Pain Management and Monitoring
- Patients should be informed that the induction process may take 12-24 hours and will require hospital admission for pain management, typically with IV opioids as needed.
- Monitoring for complications, such as infection or hemorrhage, is crucial, and patients should be advised to seek medical attention immediately if they experience any symptoms.
Emotional Support
- Emotional support is crucial, as second trimester losses can be particularly traumatic, and patients should be advised about what to expect physically and emotionally.
- Patients should be offered the opportunity to see and hold the fetus as part of the grieving process if desired, and referrals to grief counseling or support groups should be provided as needed.
From the FDA Drug Label
In second trimester abortion, oxytocin infusion will often be successful in emptying the uterus. Adjunctive therapy in the management of incomplete or inevitable abortion. The answer to counselling for a 2nd trimester miscarriage for induction due to bone is that oxytocin infusion can be used as it is often successful in emptying the uterus in such cases, and it is indicated for adjunctive therapy in the management of incomplete or inevitable abortion 2.
- The dosage and administration of oxytocin for this purpose should follow the guidelines outlined in the drug label, including the use of an intravenous infusion and careful monitoring of the patient's response 2.
- Close monitoring of the patient is necessary to ensure safe administration of oxytocin.
From the Research
Counselling for 2nd Trimester Miscarriage
- The use of misoprostol for termination of second-trimester pregnancy has been studied, with a recommended regimen of 400 μg given vaginally every 3-6 hours 3.

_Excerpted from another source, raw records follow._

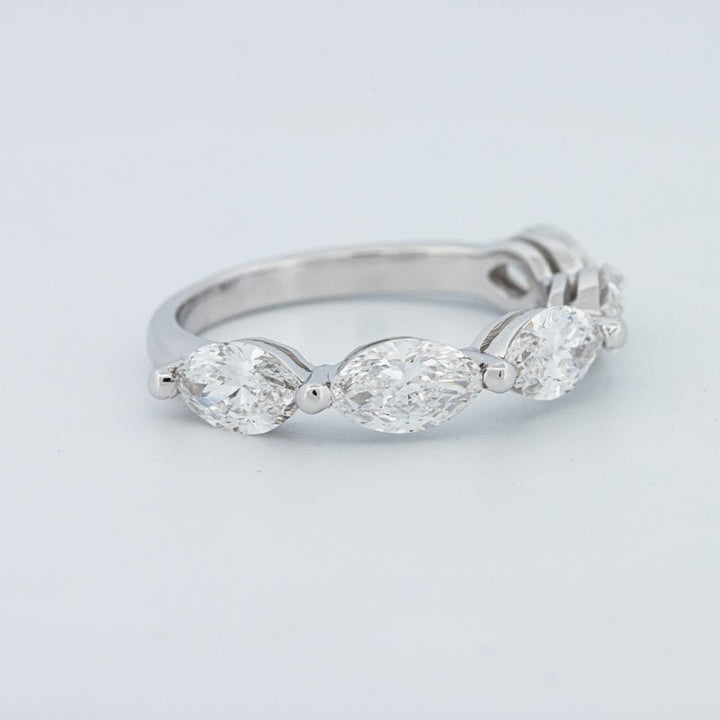 5 Half Marquise Floating Eternity Ring (LG) - ZIZOV DIAMONDS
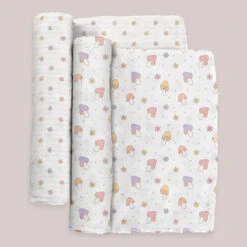 Jujube 2-Pack Square Swaddle Blanket Set - Mushy Love 9 Jujube 2-Pack Square Swaddle Blanket Set - Mushy Love -Baby Products Store 2 PackSquareSwaddleBlanketSet MushyLove 04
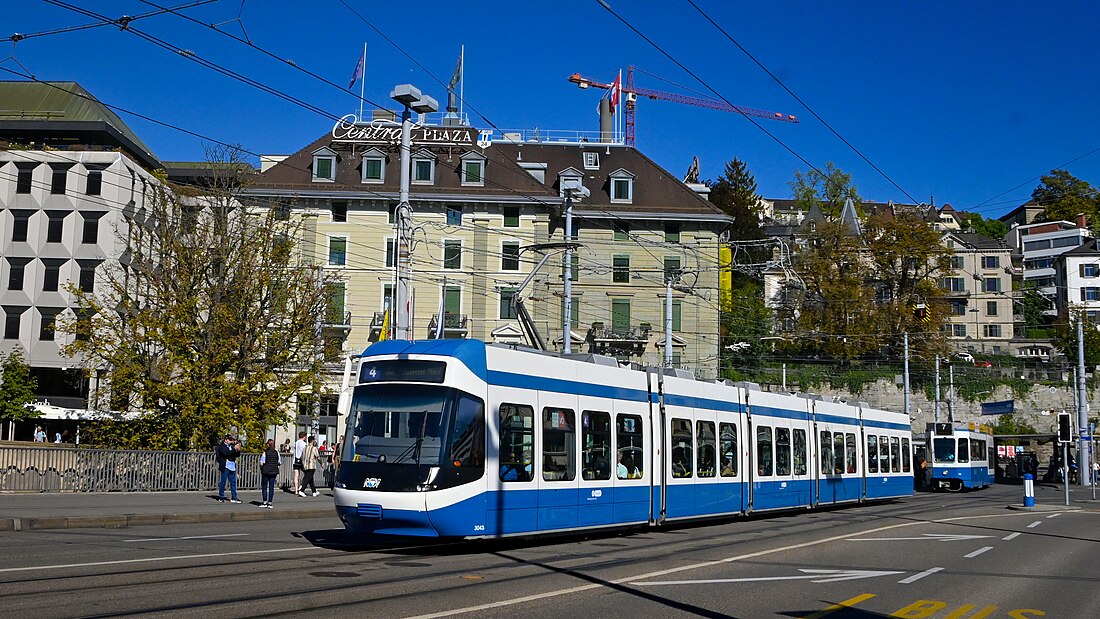 Tram van Zürich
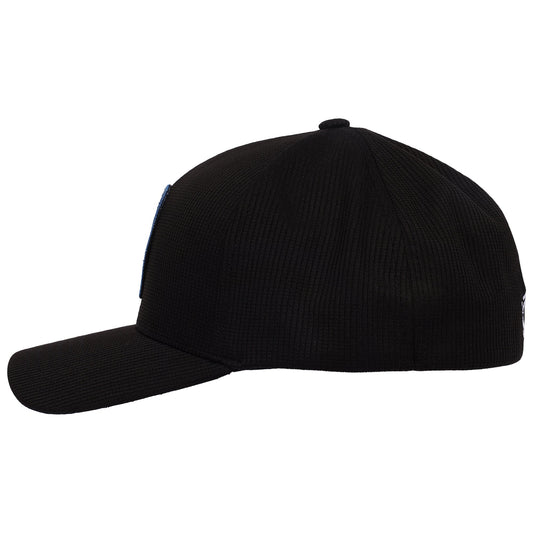 Front view of the black Marvel x Element Spider-Man Brand New Day hat with mask patch.-2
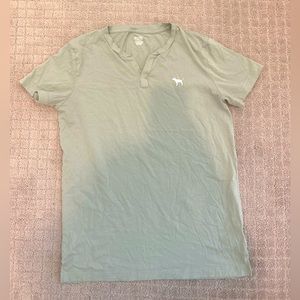 Cotton Short Sleeve Henley Campus T-Shirt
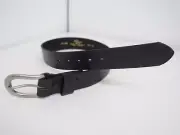 Size 26/66 Men's "R.M. Williams" Gorgeous Black Belt. Brand New. Bargain Price.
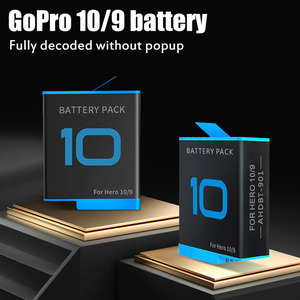 KAMPHO-Batterie pour <span class=keywords><strong>GoPro</strong></span> <span class=keywords><strong>Hero</strong></span> 12 11 <span class=keywords><strong>10</strong></span> 9 Li-ion, stockage rapide rechargeable - Product Image 6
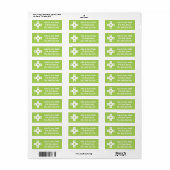 Multiplayer-modus in Peridot retouradreslabel Etiket (Full Sheet)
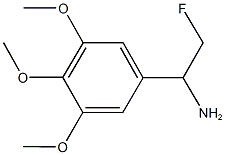 2-FLUORO-1-(3,4,5-TRIMETHOXYPHENYL)ETHANAMINE 结构式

- Combination therapy with mifepristone and misoprostol has been shown to be effective for the management of first trimester miscarriage, with improved success rates and reduced need for hospital admission 4.
- For second-trimester fetal miscarriage, medical treatment with misoprostol-only or mifepristone and misoprostol has been studied, with factors such as history of surgical evacuation and gestational age affecting outcomes 5.
- A randomised, double-blind, placebo-controlled trial found that treatment with mifepristone plus misoprostol was more effective than misoprostol alone in the management of missed miscarriage, with reduced need for surgical intervention 6.
Safety and Side Effects
- The safety and side effects of mifepristone and misoprostol sequential regimen have been studied, with special emphasis on rare but relevant safety issues such as heavy uterine bleeding, pelvic infections, and continuing pregnancies 7.
- The use of misoprostol alone or in combination with mifepristone has been associated with side effects such as diarrhea, and careful consideration should be given to the risks and benefits of treatment 3, 7.
Bone-Related Considerations
- There is limited information available on the specific considerations for counselling 2nd trimester miscarriage for induction due to bone-related issues.
- However, the available studies suggest that medical treatment with misoprostol-only or mifepristone and misoprostol can be effective for the management of second-trimester miscarriage, regardless of the underlying cause 3, 5.